Problem 36
Question
An object is moving along a straight line according to the equation of motion \(s=3 t /\left(t^{2}+9\right)\), with \(t \geq 0\), where \(s\) ft is the directed distance of the object from the starting point at \(t \mathrm{sec}\). (a) What is the instantaneous velocity of the object at \(t_{1}\) sec? (b) What is the instantaneous velocity at \(1 \mathrm{sec}\) ? (c) At what time is the instantaneous velocity zero?
Step-by-Step Solution
Verified Answer
The instantaneous velocity function is \( \frac{-3t^2 + 27}{(t^2 + 9)^2} \). The instantaneous velocity at \(t = 1\) sec is 0.24 ft/sec.
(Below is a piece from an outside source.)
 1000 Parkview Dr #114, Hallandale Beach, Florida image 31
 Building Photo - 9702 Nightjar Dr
The instantaneous velocity is zero at \(t = 3\) seconds.
1Step 1: Find the Instantaneous Velocity
The instantaneous velocity is the derivative of the position function. Differentiate the position function with respect to time:\[ s(t) = \frac{3t}{t^2 + 9} \]Use the quotient rule for differentiation \(\left( \frac{u}{v} \right)' = \frac{u'v - uv'}{v^2}\), where \(u = 3t\) and \(v = t^2 + 9\). First, find the derivatives of \(u\) and \(v\):\[ u' = 3 \]\[ v' = 2t \]Now, apply the quotient rule:\[ s'(t) = \frac{(3)(t^2 + 9) - (3t)(2t)}{(t^2 + 9)^2} = \frac{3t^2 + 27 - 6t^2}{(t^2 + 9)^2} = \frac{-3t^2 + 27}{(t^2 + 9)^2} \]So, the instantaneous velocity function is:\[ v(t) = \frac{-3t^2 + 27}{(t^2 + 9)^2} \]
2Step 2: Find the Instantaneous Velocity at t = 1 sec
Substitute \(t = 1\) into the velocity function:\[ v(1) = \frac{-3(1)^2 + 27}{(1^2 + 9)^2} = \frac{-3 + 27}{10^2} = \frac{24}{100} = 0.24 \]So, the instantaneous velocity at \(t = 1 \) sec is 0.24 ft/sec.
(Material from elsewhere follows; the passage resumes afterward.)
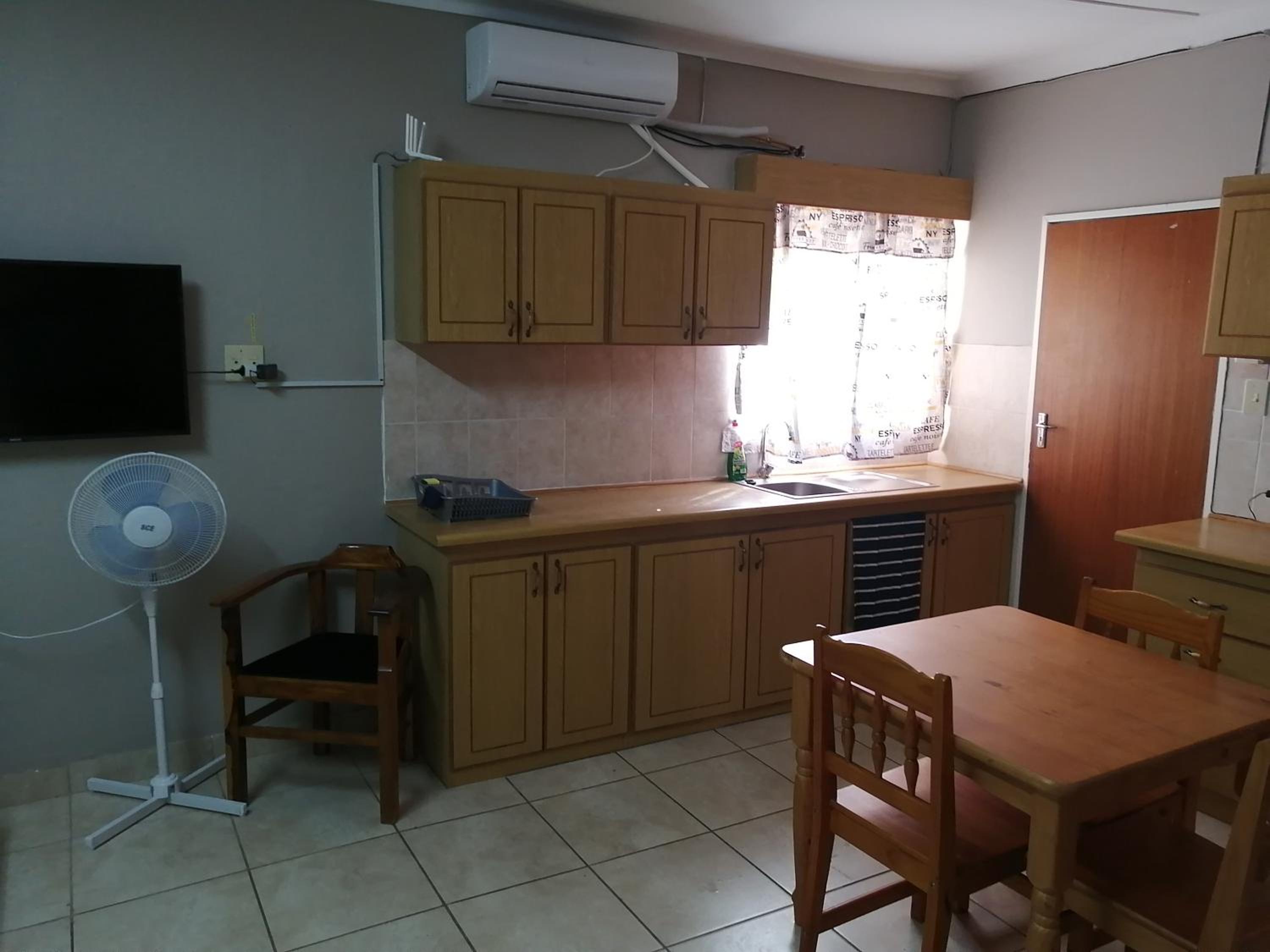 Twin/Double Room - Photo 3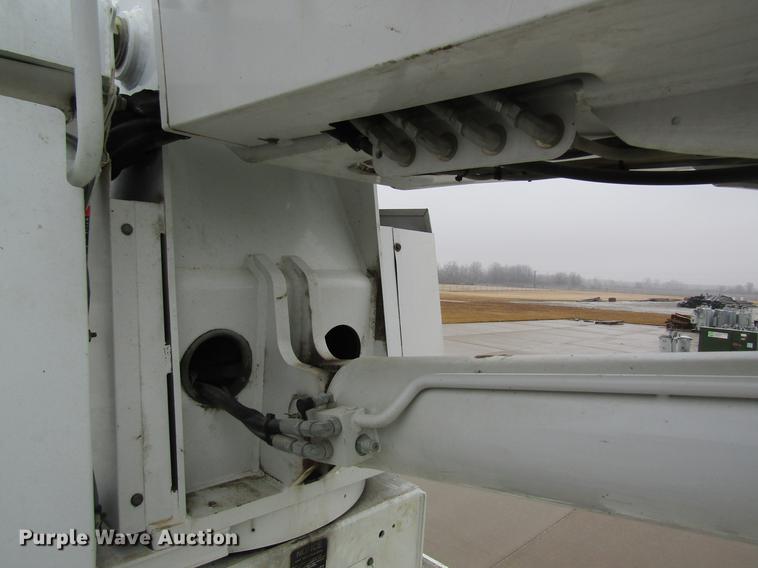 image for item DB5956 2009 International 7500 digger derrick truck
3Step 3: Find When the Instantaneous Velocity is Zero
Set the velocity function equal to zero and solve for \(t\):\[ \frac{-3t^2 + 27}{(t^2 + 9)^2} = 0 \]For a fraction to be zero, the numerator must be zero (since the denominator is never zero):\[ -3t^2 + 27 = 0 \]Solve for \(t\):\[ -3t^2 = -27 \]\[ t^2 = 9 \]\[ t = 3 \]So, the instantaneous velocity is zero at \(t = 3\) seconds.
Key Concepts
Equation of MotionQuotient RuleCalculus Differentiation
Equation of Motion
The equation of motion describes the position of an object as it changes over time. In our exercise, the equation of motion given is equation of motion: \( s = \frac{3t}{t^2 + 9} \) where \( s \) represents the distance from the starting point in feet, and \( t \) is time in seconds. This function tells us precisely where the object is at any given second. Understanding this equation is crucial because it allows us to analyze the object's movement and predict its future position.
Quotient Rule
The quotient rule is a technique used in calculus to find the derivative of a function that is the ratio of two differentiable functions. It's expressed as \( \frac{u}{v}' = \frac{u'v - uv'}{v^2} \) where \( u \) and \( v \) are functions of \( t \). In our problem, we need to apply the quotient rule to find the instantaneous velocity. Let's decompose:
- \( u = 3t \)
- \( v = t^2 + 9 \)
- \( u' = 3 \)
- \( v' = 2t \)
Calculus Differentiation
Calculus differentiation is a fundamental concept that deals with how a function changes as its input changes. In terms of motion, differentiation provides us with the velocity of an object. Consider the position function \( s(t) = \frac{3t}{t^2 + 9} \). To find how fast the object is moving at any point in time (its instantaneous velocity), we differentiate this function with respect to \( t \). We use the quotient rule since our original function is a ratio.By differentiating, we get the velocity function: \( v(t) = \frac{-3t^2 + 27}{(t^2 + 9)^2} \). From here, we can answer specific questions:
- At \( t = 1 \): Plug in \( t = 1 \) into the velocity function: \( v(1) = \frac{-3(1)^2 + 27}{(1^2 + 9)^2} = \frac{24}{100} = 0.24 \text{ ft/sec} \).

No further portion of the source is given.